Hay libros y películas que nos entretienen; otros, nos revuelven el alma. Una muestra de esto último es La gran belleza, la película ganadora al Oscar a la mejor película extranjera, en 2013. La joya del cine del napolitano Paolo Sorrentino, una rara avis. Un artista de tendencia surrealista, barroca, existencialista, creador de una narrativa cinematográfica de fineza estética, y en la que tiene un importante lugar la crítica a la religión y el poder.

La gran belleza es la historia del escritor Jep Gambardella, encarnado por el genial Toni Servillo.

 La ciudad de Roma, con sus sitios de historia milenaria y gran arte, es otro protagonista de la obra. Y muchos compararon la atmósfera y argumento de La gran belleza con La dolce vita, del inolvidable Federico Fellini.

Gambardella es el artista que luego de pasar por los placeres del mundo y las fiestas frívolas, se da cuenta de toda la vanidad y la estupidez en la que se refugió para escapar de lo único auténtico para un artista como él: el desafío de crear, sin excusas.

Gambardella escribió una gran obra en su juventud. Luego, a sus 65 años, se da cuenta con dolor que desde entonces no escribió nada importante. Participa en una fiesta tras otra, en las que, entre música estridente, los invitados disfrazan su soledad. Habla con otros fugitivos como él, en charlas insulsas o ásperas e incómodas, en las que sobresalen las menudencias, o el reproche de viejas traiciones y frustraciones.

Presencia a una chica que, en un estado de delirio promovido por sus padres, tira potes de pintura sobre un lienzo blanco, y es celebrada como gran representante del arte de vanguardia. Y asiste a una perfomance en la que una “vidente” golpea su cabeza contra un muro de la vieja Roma.

Se desangra por dentro; se oculta a sí mismo que todo es una gran farsa. Una tormenta de arena que tapa el sol y acribilla el aire con una sucia oscuridad. Una agitación que no deja ver.

Pero lo que devolverá a Gambardella a su camino perdido de artista es el encuentro con Sor María, un especial personaje religioso. Una mujer de un siglo, que se alimenta de raíces, que recibe en un balcón en Roma a una bandada de flamencos que parecen traer algo de la poesía y el misterio ausente en nuestro tiempo de consumismo voraz.

Al principio, Gambardella no comprende el mensaje de la monja. Pero, sí, después:

Hay dos supremos poderes: el silencio y la acción.

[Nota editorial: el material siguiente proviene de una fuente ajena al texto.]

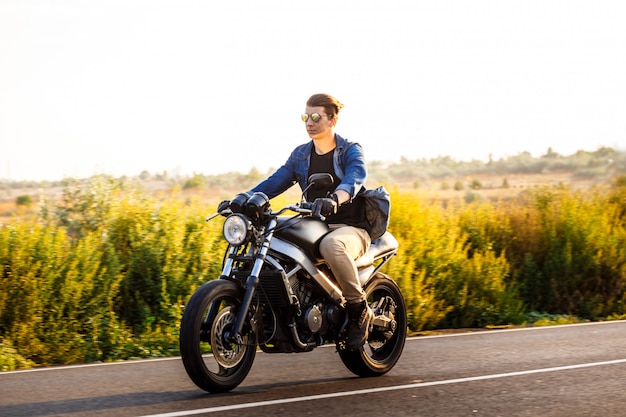 Jovem bonito andar de moto na estrada rural.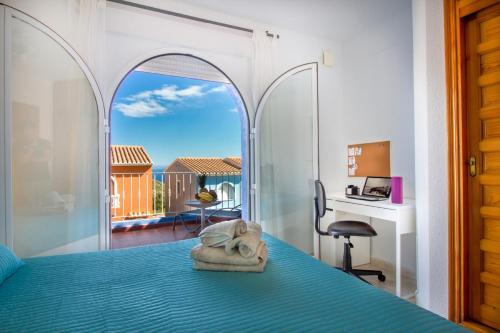 Ένα ή περισσότερα κρεβάτια σε δωμάτιο στο Bungalow la Cala
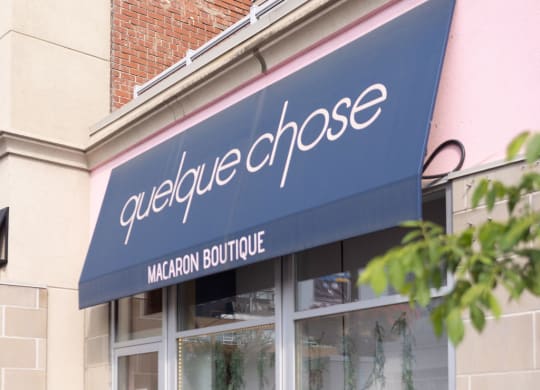 a storefront with a blue awning and pink walls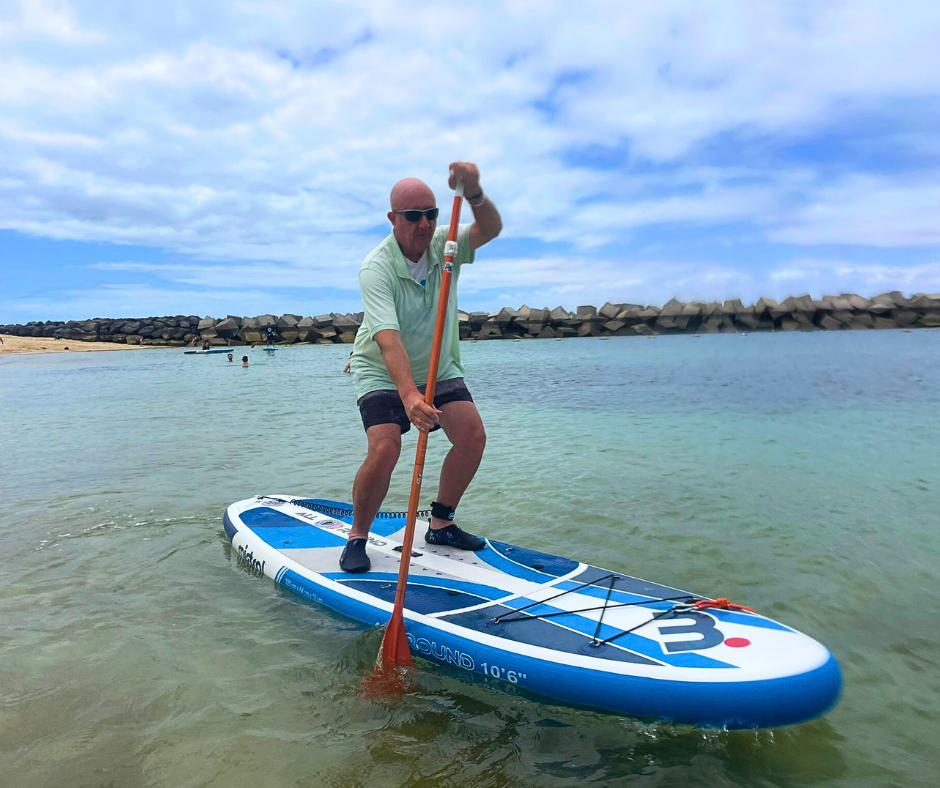 Crazy DAVID is riding a paddle board in the water.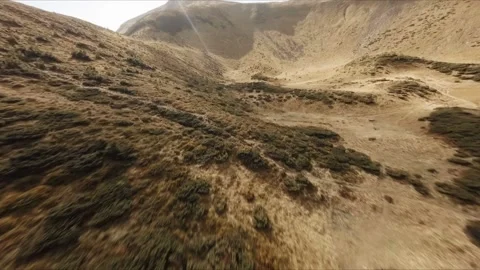 FPV Drone footage: Smooth Stabilized Fly along Mountain Rocky Hill around Stock Footage 162829470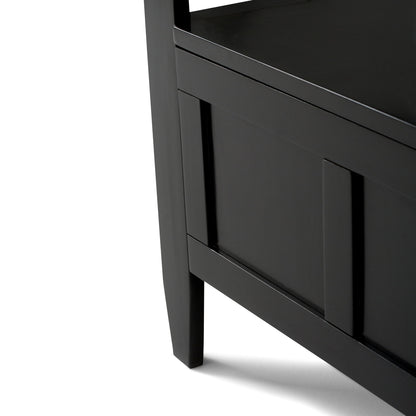 Close-up of the lower corner of the Brooklyn - Handcrafted Entryway Storage Bench, featuring black wood, clean lines, and panel detail. The bench casts a shadow on a white background.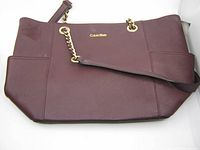 Front view of burgundy leather Calvin Klein handbag with gold-tone chain handles and visible wear on leather.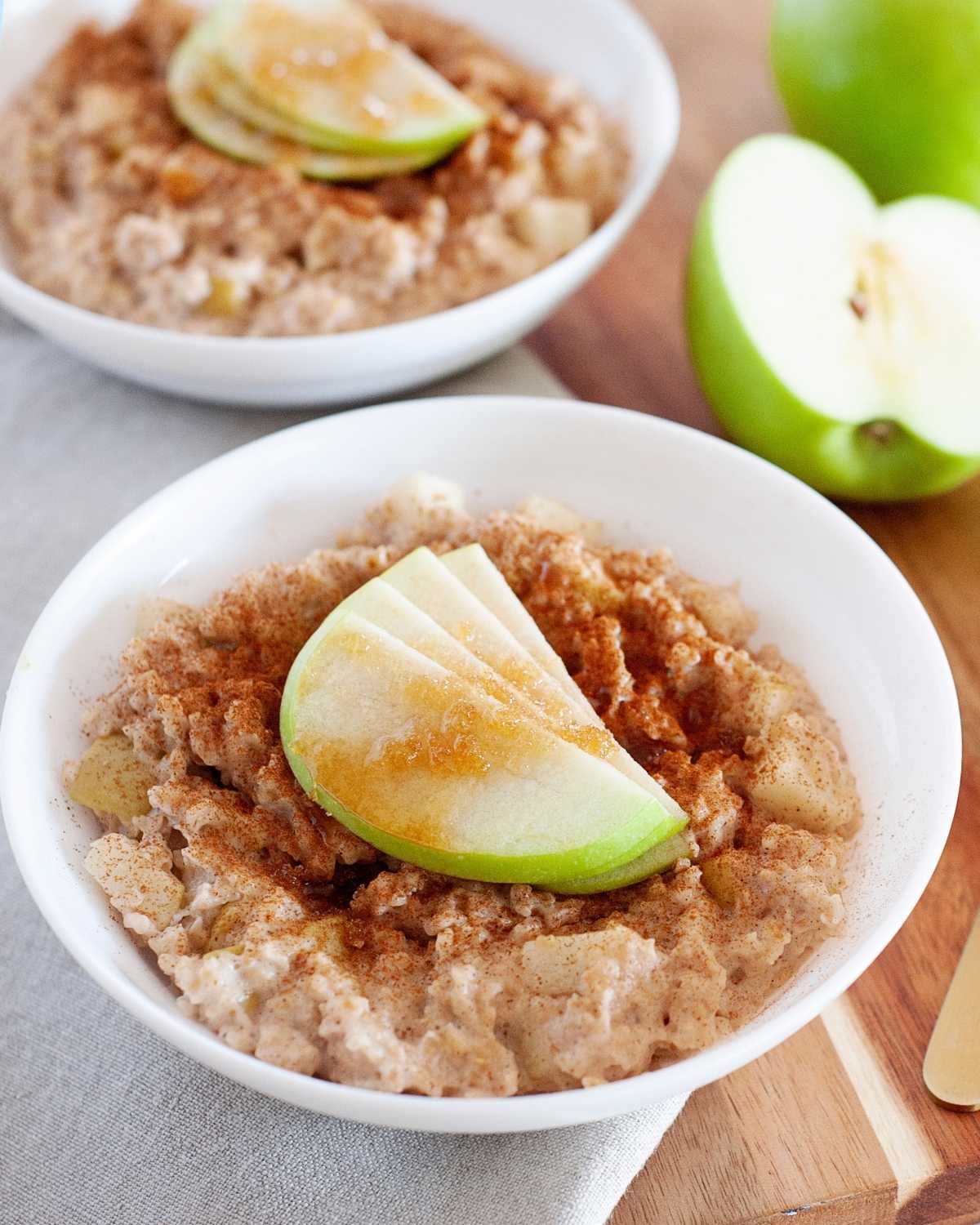 two large bowls of oatmeal topped with cinnamon and sliced green apple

El silencio no engaña, porque no impone a las cosas palabras definitivas. Y el otro poder es la acción auténtica. En el caso de la escritura, la acción es un poder si asume que el arte de unir bellas palabras es un truco, una ilusión, como el elefante que un amigo mago de Gambardella hace desaparecer.

Las raíces que le recuerda Sor María son anteriores a las palabras. Al pensar en la santa subiendo unas escaleras en señal de sacrificio, Gambardella comprende al fin: con las palabras tapamos las profundidades, escapamos de la muerte que sigue a la vida, pero también invocamos las supervivencias demacradas de la belleza.

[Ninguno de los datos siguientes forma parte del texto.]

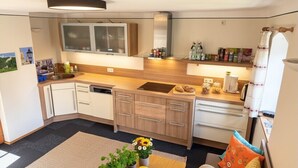 A compact kitchen with a central island, a built-in oven, and a microwave. There is a sink with a faucet, and the kitchen has wooden cabinets.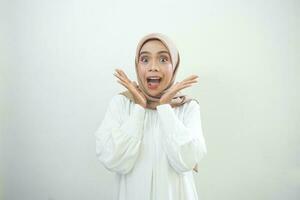 Overjoyed beautiful Asian woman in casual shirt celebrating big luck and success isolated over white background photo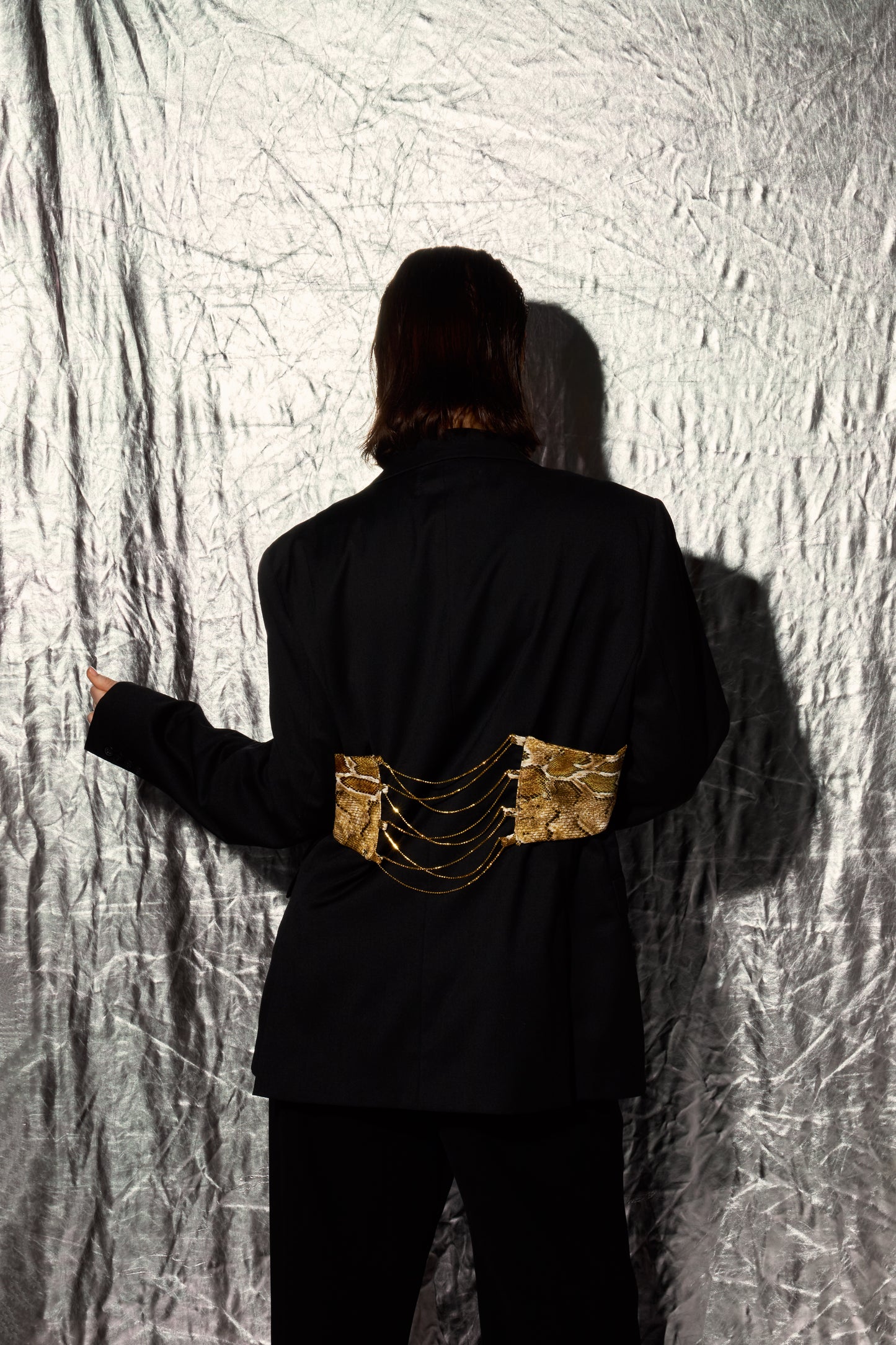 Snake jacket, complemented by gold rhinestone chains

La escritura no tiene sobre sí la gravedad de decir el mundo o la verdad; a lo sumo, puede evocarlos con sus invenciones bellas. Con sus trucos. La gran belleza podrá ser una ilusión, pero a la vez es una creación real, la vida que el hombre le agrega a la vida para embellecerla, adornarla, hacerla más intensa y misteriosa.

Sor María es la Beatrice que le devuelve a Gambarbella el mundo. Pero no la pasión y el deseo de expresar. Esa necesidad lo inunda solo cuando se reconoce destinado a la sensibilidad, a no ser ya “el rey de los mundanos” en la Roma decadente.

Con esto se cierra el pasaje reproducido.